In fact, everyone else has been putting as many barrels in the market as they possibly can. And of course, the U.S. shale producers continue to produce. That’s something that by any other standards would be record levels. But by their standards, like, oh no, only went up a million barrels a day this year, which, you know, is bonkers that it is now and done that for eight of the last 15.
Anyway, the Saudis have very clearly gotten annoyed, and they’re indicating that they’re willing to put a lot more oil on the market, maybe as many as 3 million barrels a day, and that they’re going to try to drive prices down quite a bit in order to grab market share. And that the number of $50 a barrel or lower has been floated. Doing something like that is well within the Saudis’ capability, assuming that global politics are favorable, which is always a little touch and go anyway. Whenever the Saudis have done this, it causes a lot of ruckus around the world among all of the other oil producers, specifically those that
have higher breakeven costs. So places like Angola or Venezuela or Ecuador or Nigeria and especially in places that are really, really dependent on oil flows, like places like, say, Libya and Nigeria in that category, because if they’re getting a lot less income, you know, obviously they face social malcontent. And if their crude isn’t profitable at that point, then they have to shut those production levels in.

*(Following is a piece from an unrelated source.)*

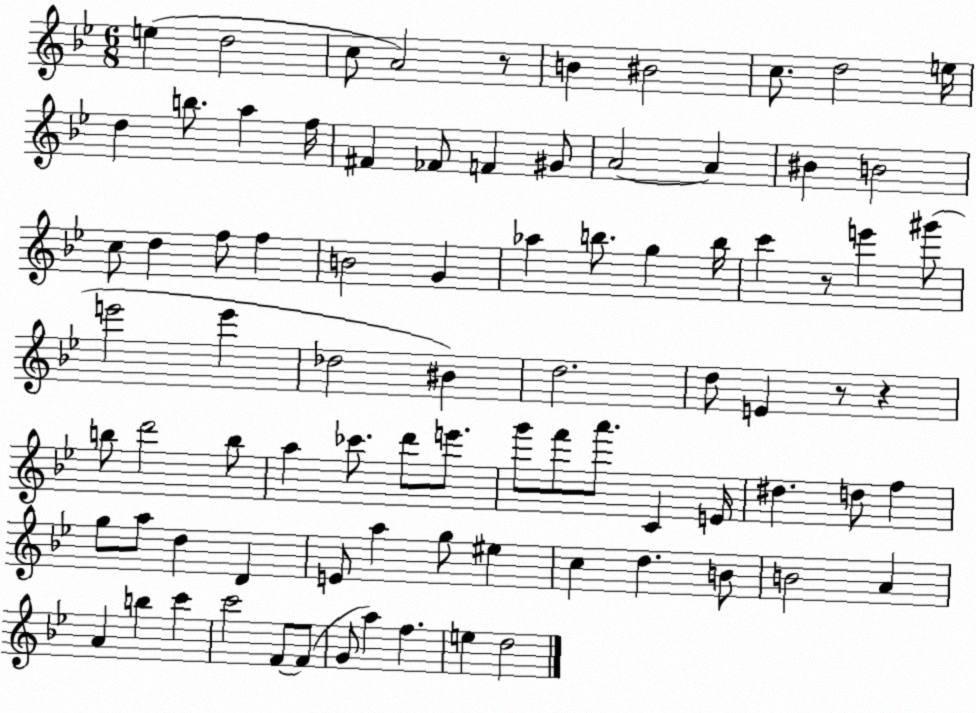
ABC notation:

And sometimes it can take years, if not decades, for that to be rebuilt. One country I’m not worried about is the United States. We’re now in a situation where the vast, vast, vast—over 80%—majority of the oil that the U.S. produces comes out of a shale well, and pretty much everybody is profitable below 50.
In fact, you’d have to go down to below, probably 35, before you’d see a meaningful impact on existing production. Keep in mind that once you’ve drilled your shale well, its production costs for operating purposes drop below about $10-15 a barrel in most places. So you might not drill new wells, but you’re going to maintain what you’ve got.
In fact, it costs money to shut it in anyhow. The last three times that the Saudis have done something like this, we’ve seen a little blip, oftentimes, in American shale output. But then you see it surge back very quickly, because from the time that a shale operator starts working on a well to the time that it actually starts producing is usually only about two months or less. With some of the new technologies, that might be a little longer, but it’s still less than three months anyway.
So whenever you’ve got market share up for grabs, the Saudis, of course, try to take it, but the U.S. shale guys do as well. So the Saudis have to do all the work, and they don’t have to split the benefits with the U.S. shale players. Now, this time, there is one other thing in the mix that is going to make this particular potential price war a little bit more exciting.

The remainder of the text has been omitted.